Wednesday, November 21, 2018

Perseverance

An alcoholic wrote me a letter today, asking me to help him get started in the recovery business. He wasn't asking for money. But he was asking for advice, which I'm happy to give anybody. I sent him an email back, telling him that I'd be in touch with him.

And I'll contact him because I think it's important to encourage other people to help addicts and alcoholics any way they can. Some might say that's a stupid idea. Why would someone who's already in the recovery business give someone else advice about how to get into the same business. It's kind of like calling McDonald's and asking them to help you start a hamburger stand.  But I believe it's important to help others however you can.

One of the things this gentleman mentioned in his email was about doing research to raise funding to get started.
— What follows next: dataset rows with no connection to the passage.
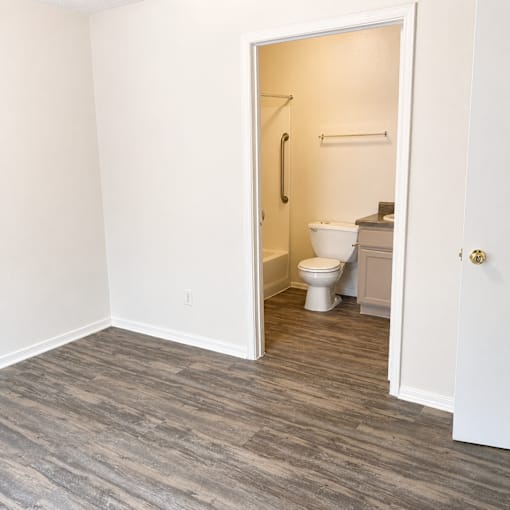 A bathroom with a toilet and a shower.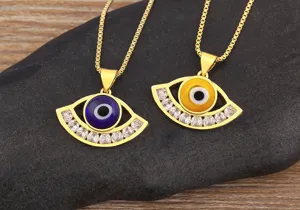Gold plated evil eye zircon necklace geometric turkish blue eye pendant jewelry detail shot.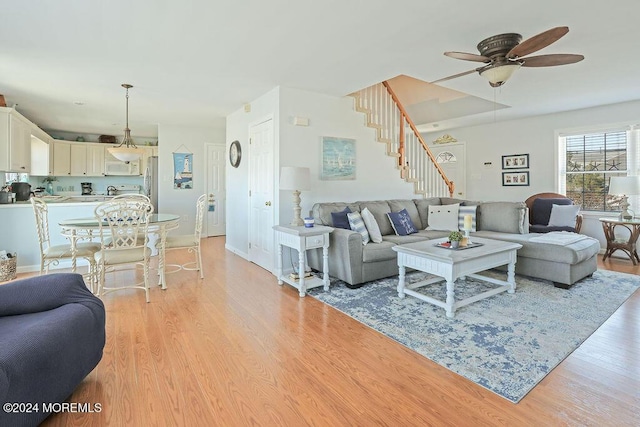 living area featuring a ceiling fan, baseboards, light wood-style flooring, and stairway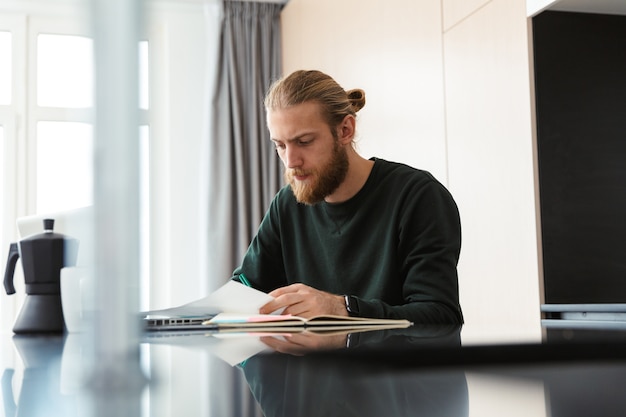 Photo concentrated young bearded man sitting in home using laptop computer work with documents.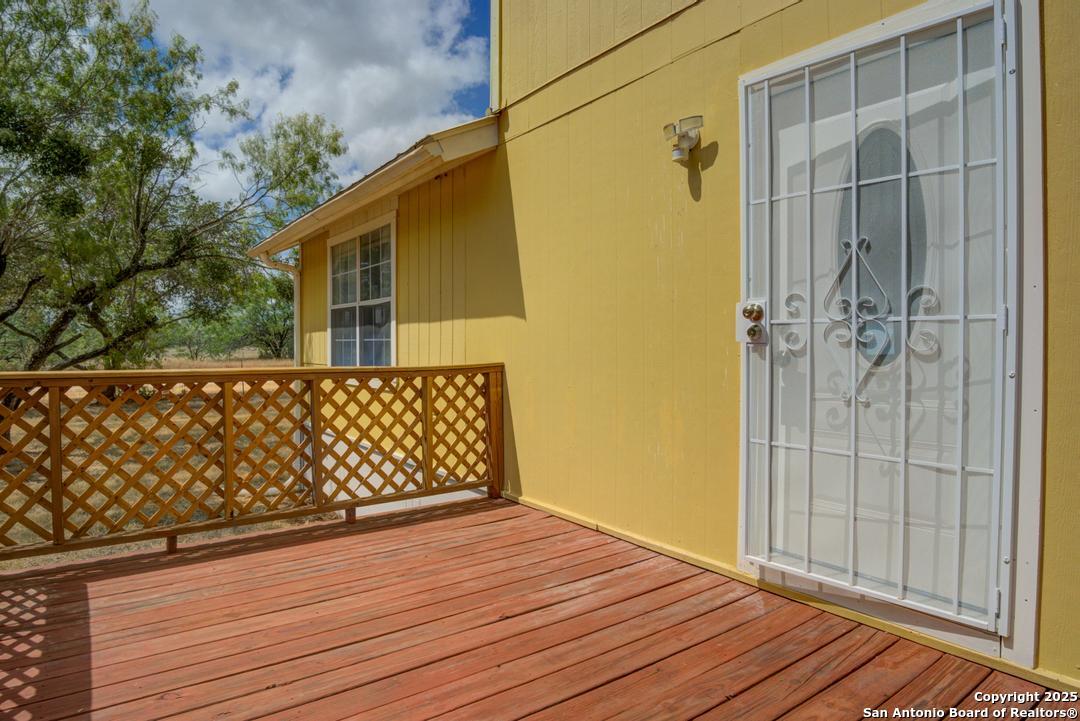 1176 Old Adams Lane Pleasanton, TX 78064 - Photo 4 of 42 a view of a wooden door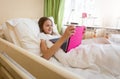 Portrait of smiling teen girl using digital tablet at bed Royalty Free Stock Photo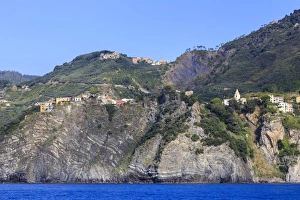 Cinque Terre Prints: Colourful houses and cliffs atop rocky promontory, Corniglia, Cinque Terre, UNESCO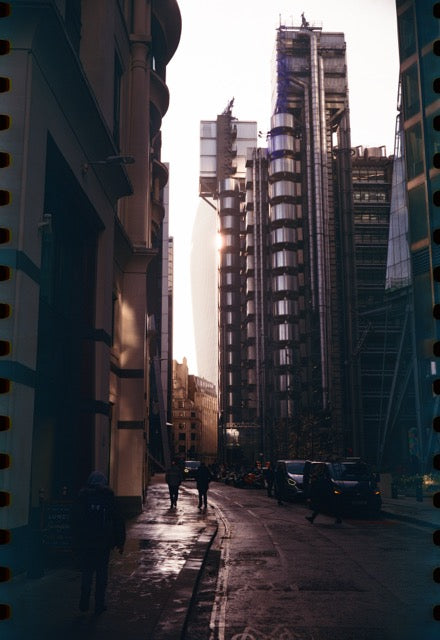 City street with modern buildings and people walking in London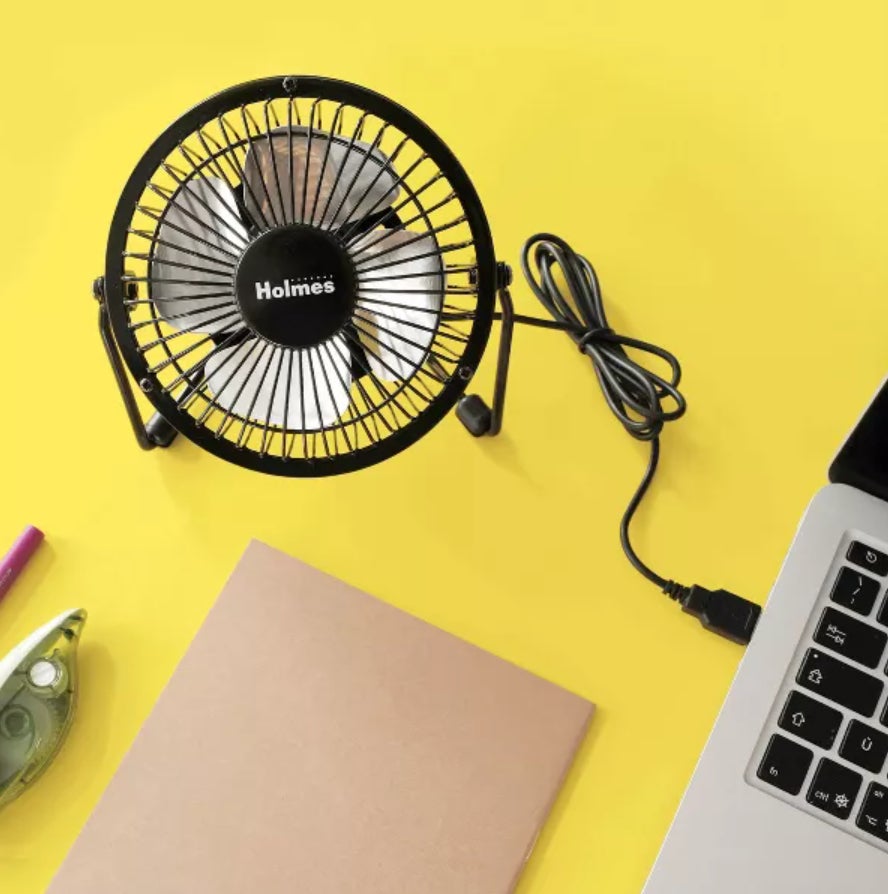 Kipas Holmes Desk Black Holmes dicolokkan ke laptop, di samping buku catatan, dispenser pita, dan pena di latar belakang kuning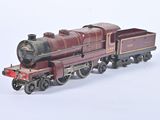 a toy train on a white surface with a white background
But the reality is that if you want to get to the recovery business or most any other business, money is the least of your problems.
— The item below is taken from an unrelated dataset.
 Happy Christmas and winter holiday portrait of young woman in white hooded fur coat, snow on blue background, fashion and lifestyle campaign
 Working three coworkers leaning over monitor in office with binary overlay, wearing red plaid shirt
The biggest problem for most people is perseverance and self-discipline.

I remember that I searched for a piece of property for a good six months before I found three dilapidated houses on a piece of property that I was able to get for $350 in closing costs. After I spent a year in another halfway house learning how to run a recovery business, I moved into my own houses. I started cleaning. Painting. Patching floors. I spent about two months getting the place ready for the first five residents. And while doing this, I worked an outside job to support myself and to buy materials to get the houses ready for the first residents.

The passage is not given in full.